Some insurers are looking for brokers who can help them use big data to customize products for small businesses, an insurtech founder suggests.
“Big data is a loose term,” Mark Morissette, founder and CEO of Foxquilt said Tuesday in an interview. Specifically, he said insurers want to know of insurtechs: “How are you finding that data that creates a very rich user experience, that alleviates the pain of getting a quote, and that [gives the consumer] good service when you are purchasing insurance?”
Foxquilt is a RIBO-licensed brokerage that places home, auto and small business insurance in Ontario. Morissette – a former underwriter at Aviva Canada – describes Foxquilt as an insurtech.
Carriers view themselves as very good at manufacturing products, Morisette said, but they also need the help of insurtechs. Their pitch? “We really need to partner with sophisticated technology groups who can innovate with us, build platforms and ingest data, and build products with that data,” Morissette said.
How can data analysis help? Morissette gives the hypothetical example of a three-person stone mason crew whose commercial insurance package includes coverage for advertising liability. It might turn out through data analysis that the company finds customers through referrals instead of through advertising – and therefore has no advertising liability risk.
Another way is to link insurers with “unique communities” to place insurance.
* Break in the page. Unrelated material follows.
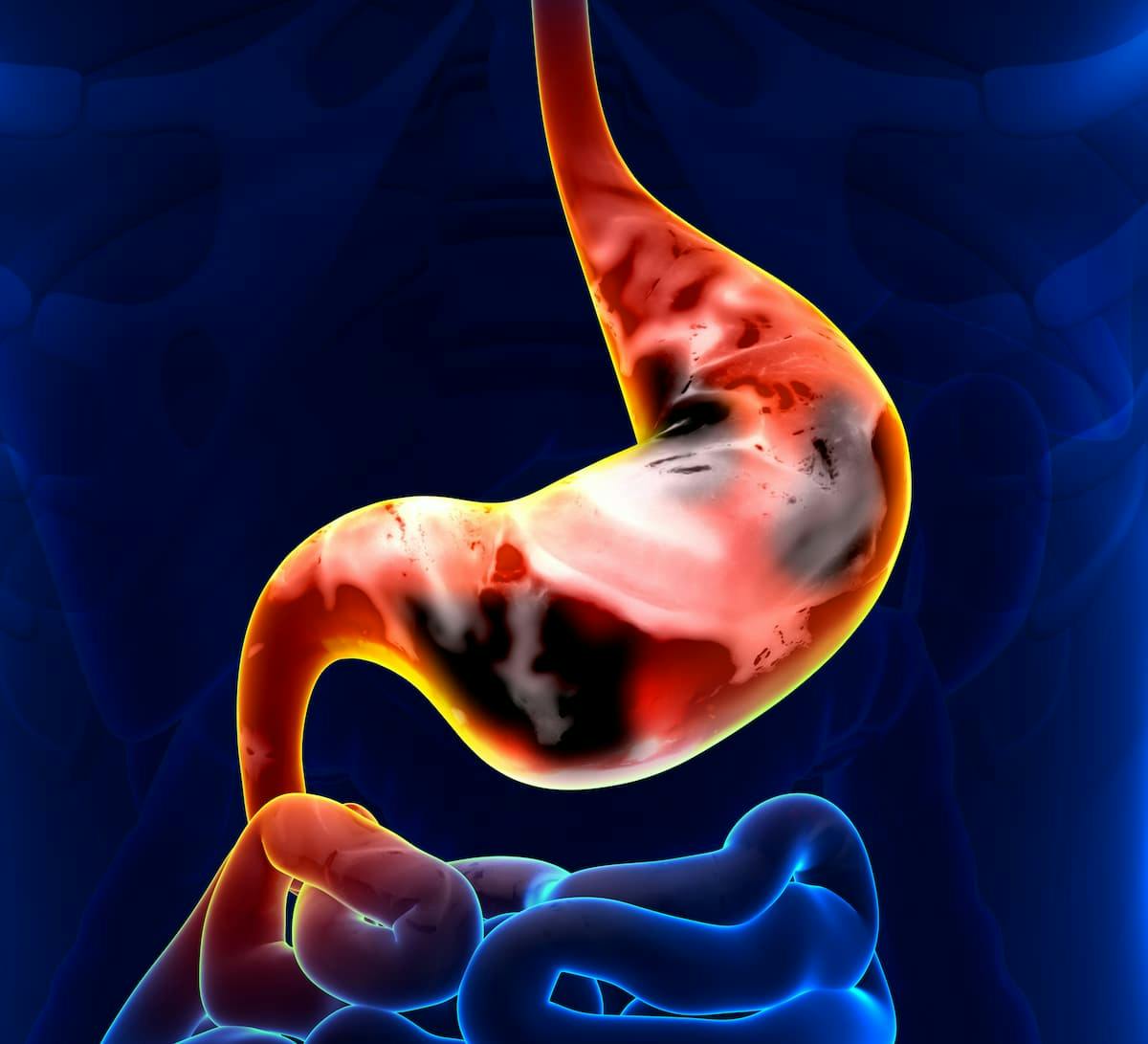 CMG901 demonstrated a well-tolerated safety profile in patients with CLDN18.2-positive, advanced gastric/gastroesophageal junction cancer.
In a Leger survey commissioned by Foxquilt, 59% of respondents said they would join an online community to increase their buying power and coverage while decreasing their costs if they had the opportunity to do so. Leger polled more than 1,000 Ontarians online in October. The results are considered accurate within 3.1 percentage points, 19 times out of 20. Foxquilt released those survey results Tuesday.
Insurers have been catering to “affinity” groups for years, including alumni from certain universities, professional associations or union members. But the “traditional group affinity business is outdated and archaic,” Morissette observed Tuesday. He cites as an example an architectural firm in which only 20% of the staff are licenced architects. “You can’t get benefits to the other 80% who happen to be designers or coders and not professional architects.”
One example of a “community” could be fitness enthusiasts. Using big data, a broker could find for example that a group of runners is also an affluent group of homeowners who constitute a better risk for carriers. In this example, the carriers could create products for that particular community.
A broker could also, for example, target its marketing towards a social media group of stone masons.
Once a company decides to buy insurance, Foxquilt aims to place a product that is customized for that type of company, Morissette said. “We don’t have a human being looking at five different markets.”
Instead of someone going through all the paperwork and figuring out where they should seek quotes, the broker might be speaking to the person and advising them on their coverage needs. “The shift in human capacity is becoming much richer service experience – letting the technology do all the different dirty, exhausting, painful paperwork and underwriting and attaching to the right policy.”